Cleveland private equity firm Resilience Capital Partners has purchased shrink label maker National Label Co. and folded it into its new holding company Lux Global Label Co.
Terms of the deal, which involves Resilience partnering with LBC Credit Partners and The Kennedy Group on financing, were not disclosed.
Resilience said in a news release that it will commit "significant financial capital" to help grow the business, but it declined to say how much. The firm said in the release that it also has formed a team of industry veterans to "strengthen the new company's operations and industry stature."

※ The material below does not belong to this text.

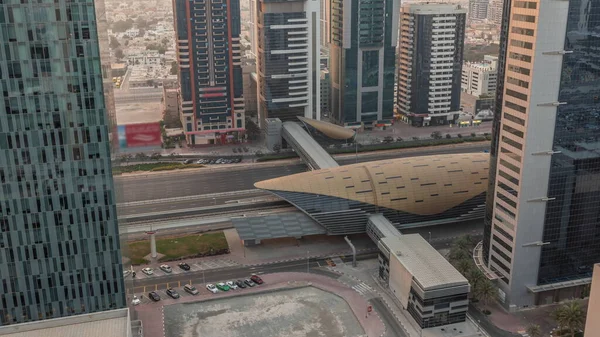 Busy Sheikh Zayed Road aerial timelapse, metro station with railway and modern skyscrapers around in luxury Dubai city. Heavy traffic on a highway with many cars. United Arab Emirates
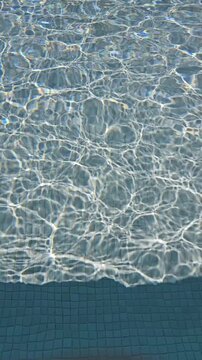 Abstract surface of water pool with sunlight ripple wave patterns vertical video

"The financial and operating investments that Resilience Capital Partners is making will enable the new company to continue operations and meet customer needs, building upon a century of excellence in labeling," said Resilience co-CEO Steven Rosen in a statement.
National Label, which had been family owned since 1914, employs 350 at its Lafayette Hill, Pa., headquarters and at least another 100 more between its plants in Singapore and Puerto Rico, according to Philly.com.
The company reportedly makes 20 billion labels a year, the website reported.
"If you looked at the location of our headquarters, you would say we are an American company," said Ron Cozean, the label maker's new CEO, in a statement. "However, if you looked at the location of our customers — from Europe to the Middle East to Asia — you would see that we are a global company. We have the scale, the distribution and the expertise to be a leader globally, and our job is to get there."
Resilience invests in niche manufacturing and business services companies, targeting platform investments in companies with $25 million to $250 million in revenues. The firm closed its most recent fund, Resilience Capital Fund IV L.P. in January 2016 at $350 million.